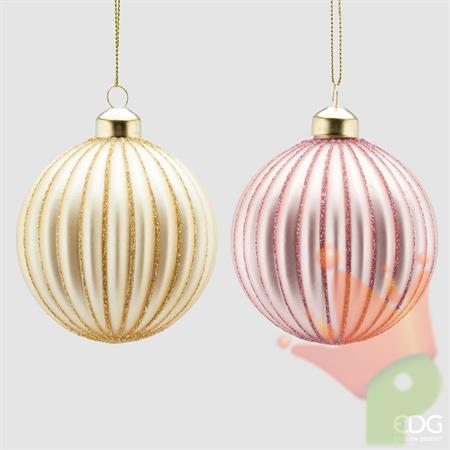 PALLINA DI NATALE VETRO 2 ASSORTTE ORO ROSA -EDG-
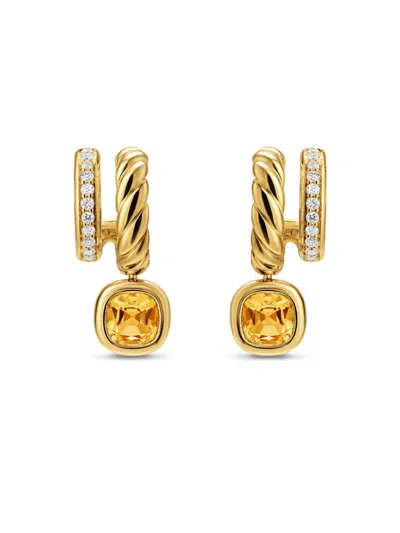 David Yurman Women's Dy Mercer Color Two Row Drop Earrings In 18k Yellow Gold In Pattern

┄┄┄┄┄┄┄┄┄┄

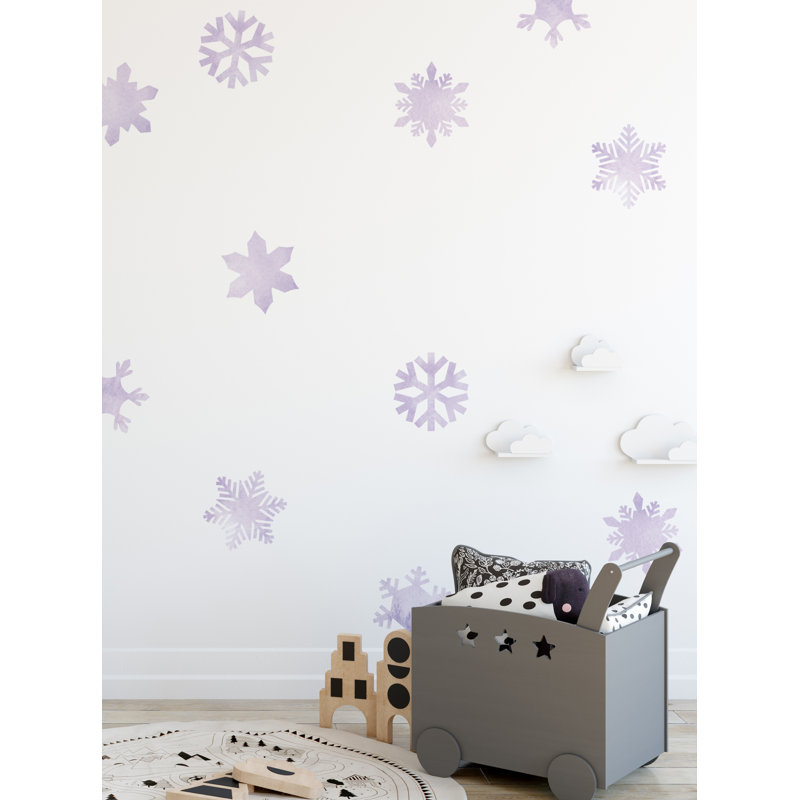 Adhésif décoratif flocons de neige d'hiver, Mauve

┄┄┄┄┄┄┄┄┄┄

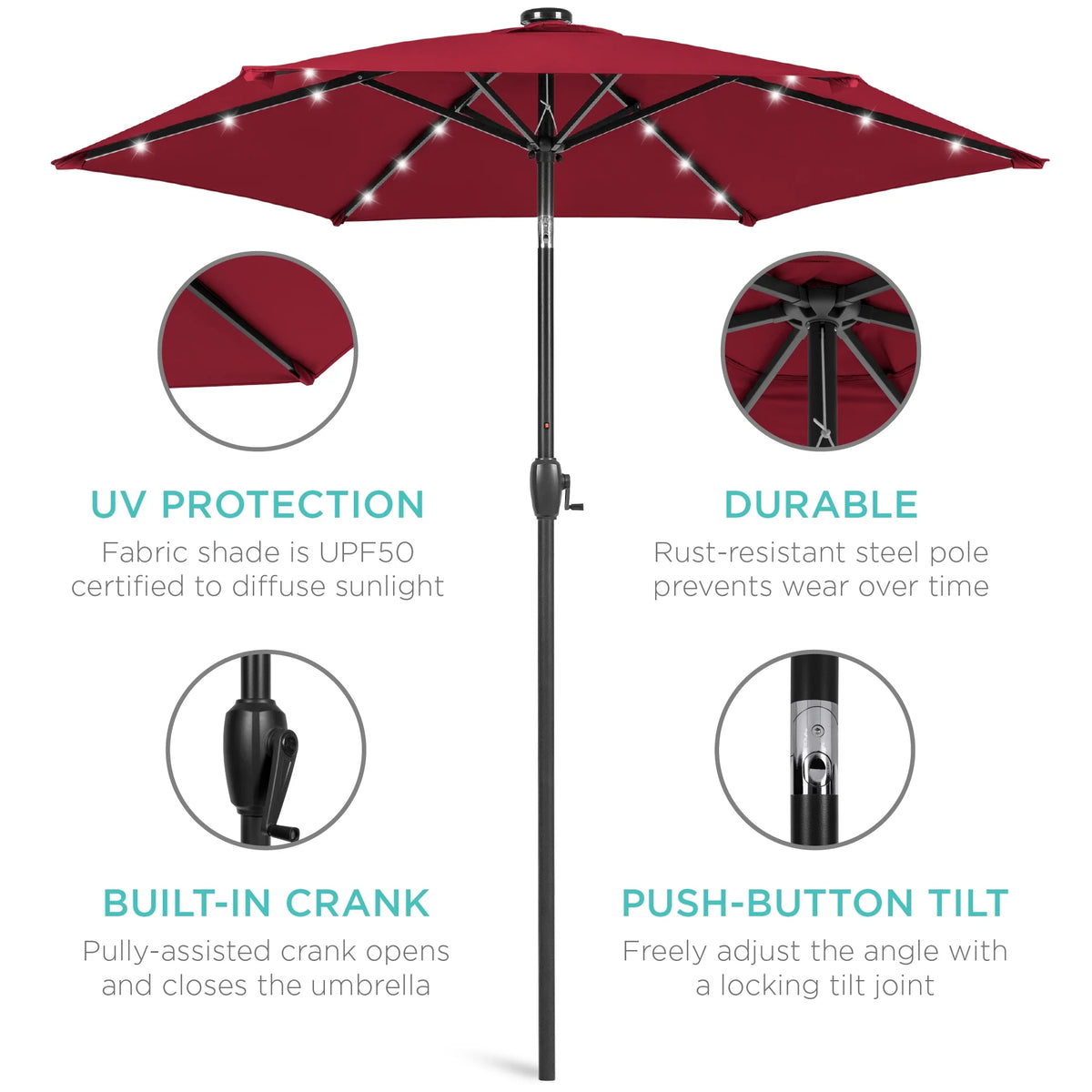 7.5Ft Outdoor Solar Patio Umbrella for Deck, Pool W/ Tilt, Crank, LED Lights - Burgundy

┄┄┄┄┄┄┄┄┄┄

Treat the line with "PALLINA DI NATALE" as the start and the line with "David Yurman Women's" as the end, and return exactly that span of the data above, both ends included, without pictures.

 PALLINA DI NATALE VETRO 2 ASSORTTE ORO ROSA -EDG-
 David Yurman Women's Dy Mercer Color Two Row Drop Earrings In 18k Yellow Gold In Pattern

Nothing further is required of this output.